どうする?
「な、なんで……。あんなデカいハンマーで殴ってもびくともしなかったのに……」
男が呆然としている。それに対しては、弾丸がチートだからとしか言いようがない。手元に残った弾丸は四つ。それなりに硬かったようだ。まぁ、予備はたくさんある。四つを解除して収納し、改めて新しい三つの弾丸を取り出した。
「ジョニー。日野くんらぁ呼んできてくれる?」
「かしこまり」
パタパタとジョニーが飛んでいく。
壊れた宝箱のところまで歩いていった。覗き込む。何の変哲もない、しかし素材不明の宝箱だ。なにか魔法陣が描いてあるとか、底なしというわけでもない。ロイドが、そばにしゃがみ込んでツンツンしている。
「なんか変な感じとかするか?」
聞くと、ううんと首を横に振った。手を伸ばし、宝箱に触れてみる。収納を意識したら、しゅんとその場から消えた。リストを見ると、”壊れた宝箱”と出ていた。持ち帰れるらしい。
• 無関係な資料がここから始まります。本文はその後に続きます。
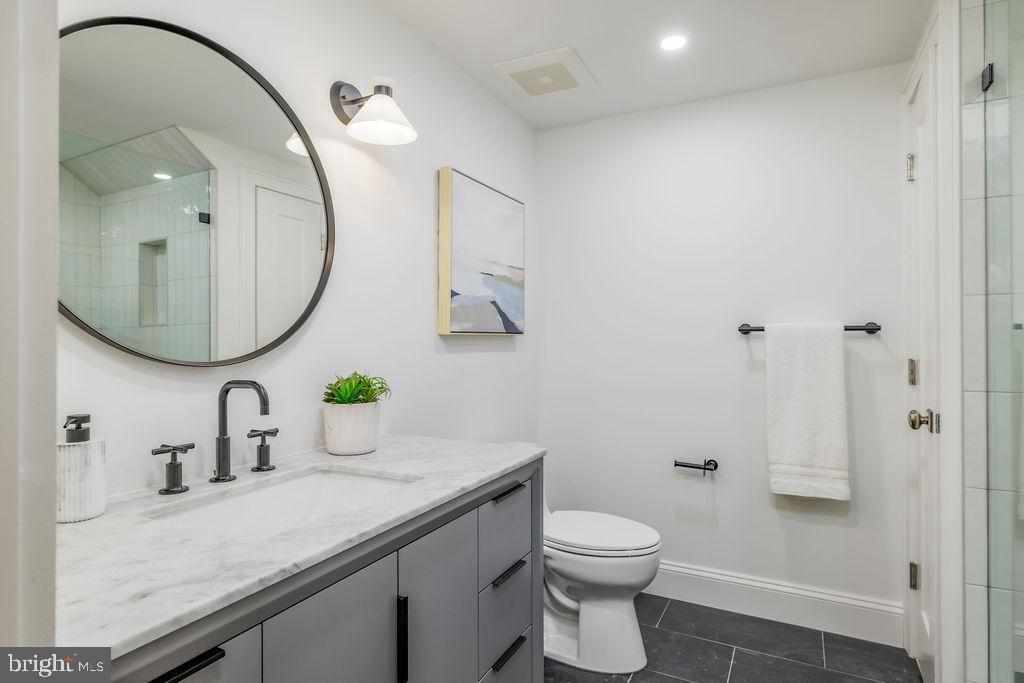 2460 ONTARIO RD NW, WASHINGTON, District Of Columbia 20009, 5 Bedrooms Bedrooms, ,4 BathroomsBathrooms,Residential,For sale,2460 ONTARIO RD NW,DCDC2232192 MLS # DCDC2232192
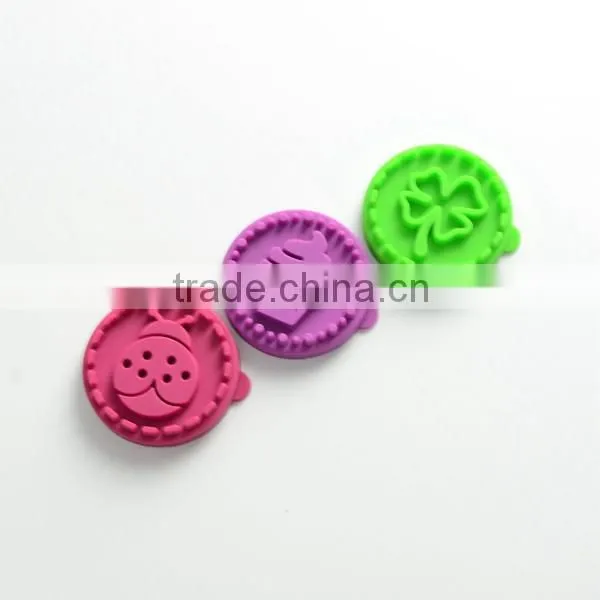 2016 New Design Wooden Handle Eco-friendly Cookie Stamp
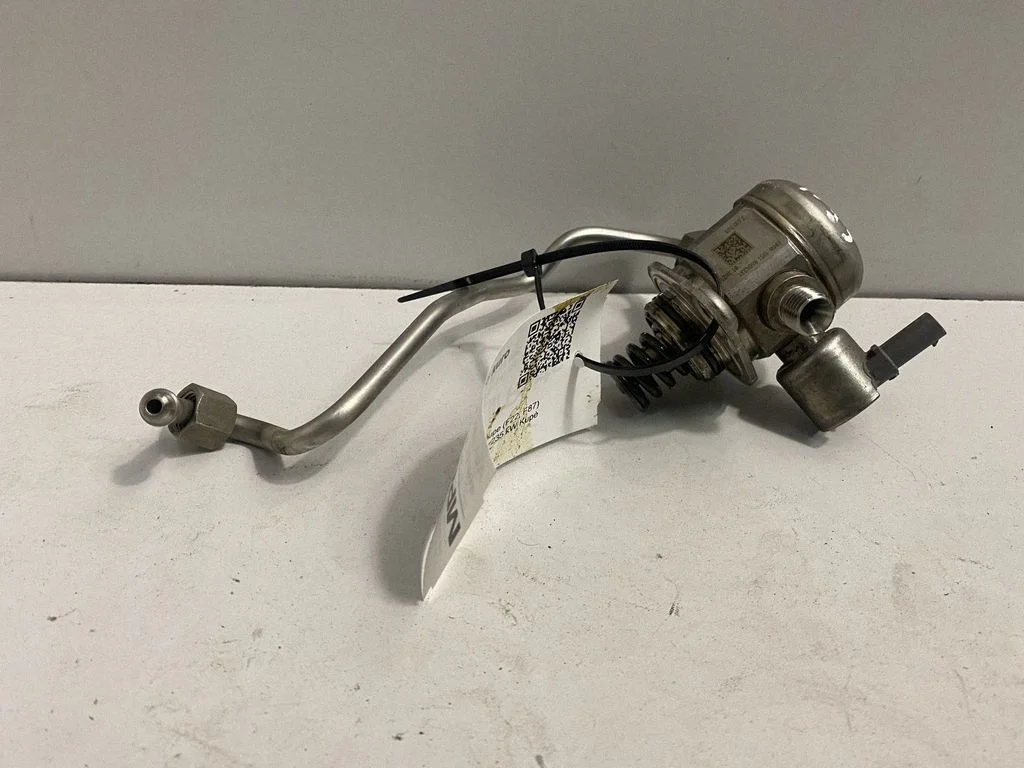 Mechanical fuel pump 7642466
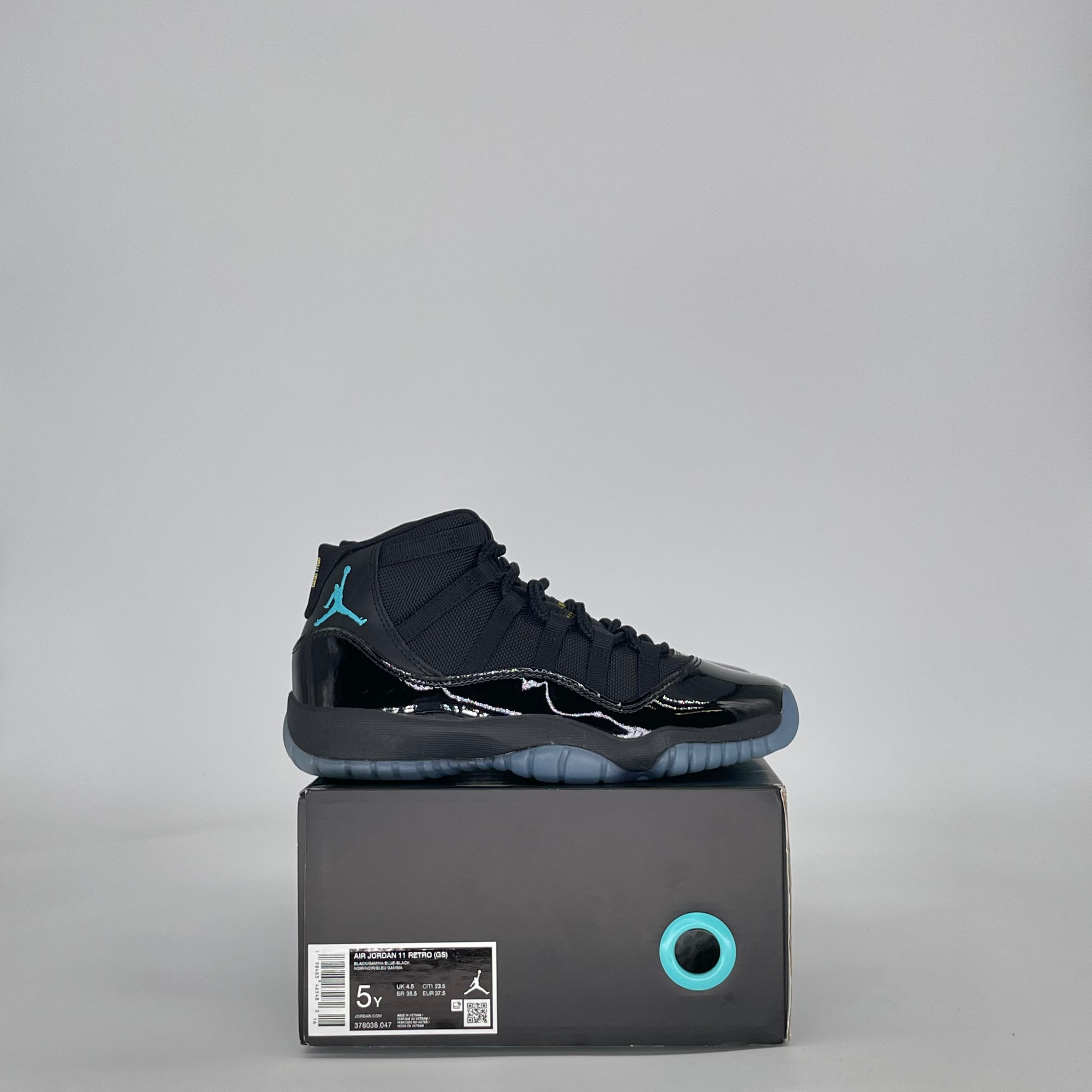 AIR JORDAN 11 GAMMA BLUE 378038-047 SIZE 5/6.5W GS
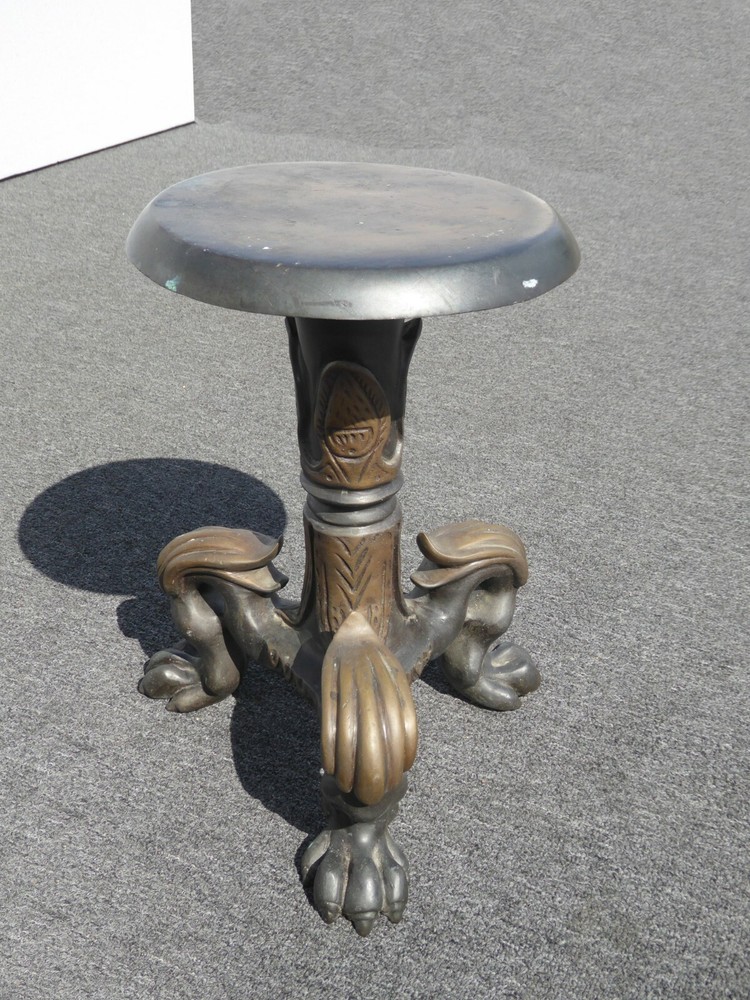 Vintage Solid Bronze Oriental Asian Foo Dog Claw Feet Stool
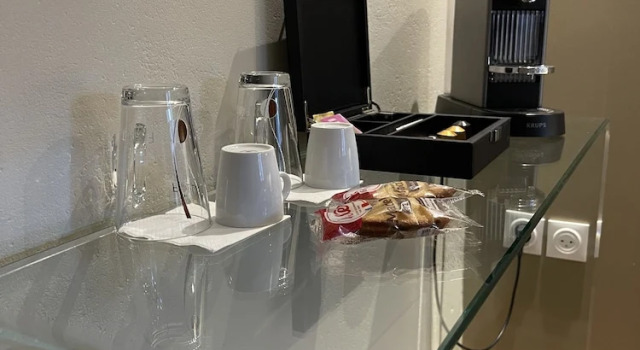Полулюкс Cit'Hôtel le Welcome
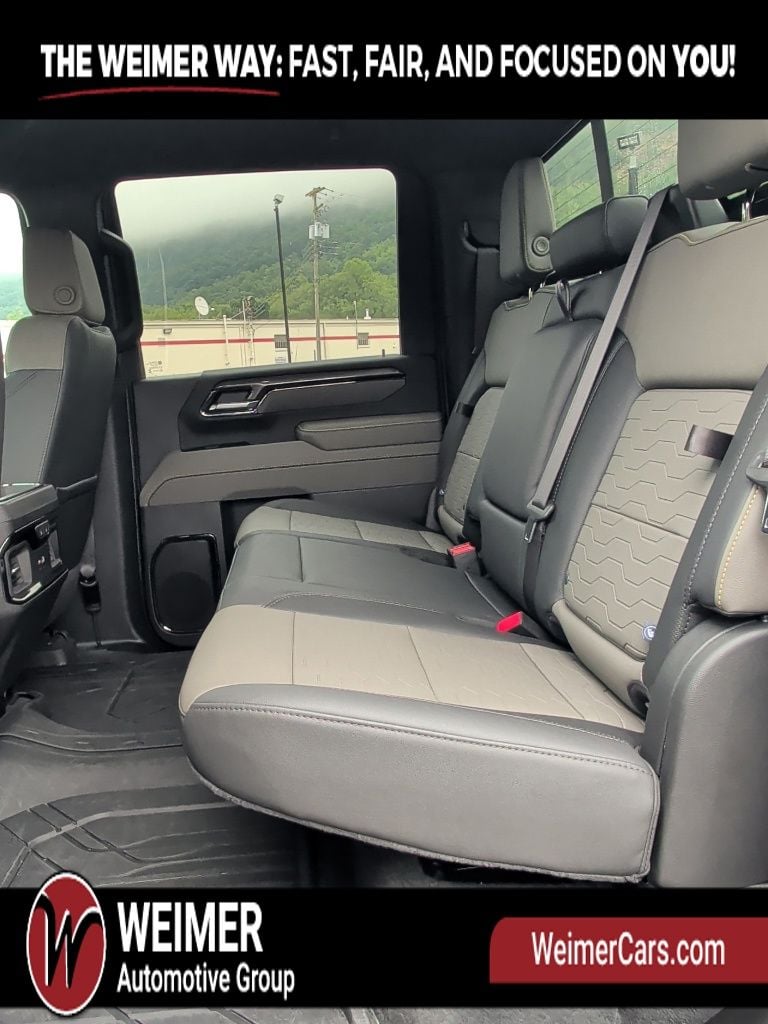 Pre-Owned 2025 Chevrolet Silverado 2500HD ZR2 - photo - 17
出入り口まで戻り、剣持ちの男に目を向けた。遺体の横で憔悴したように座っている。
「三人おるって聞いたんやけど」
顔をしかめた。
「あいつは逃げた……多分。気づいたら、いなくなってた」
剣持ちの彼の名は広橋くん。で、いなくなったのは田中くん。魔力切れで戦力外になった美和さんが助けを呼ぶために離脱。直後にデカいネズミが溢れ、それに対応していたら、田中くんがいなくなっていた、と。ちなみに宝箱横でお亡くなりになった田沢くんは、わりと最初の段階でああなっちゃったようだ。
「さよか」
厳しいが、ぶっちゃけ仲間割れとか、いざというときに見捨てる、見捨てられるはよくある話だ。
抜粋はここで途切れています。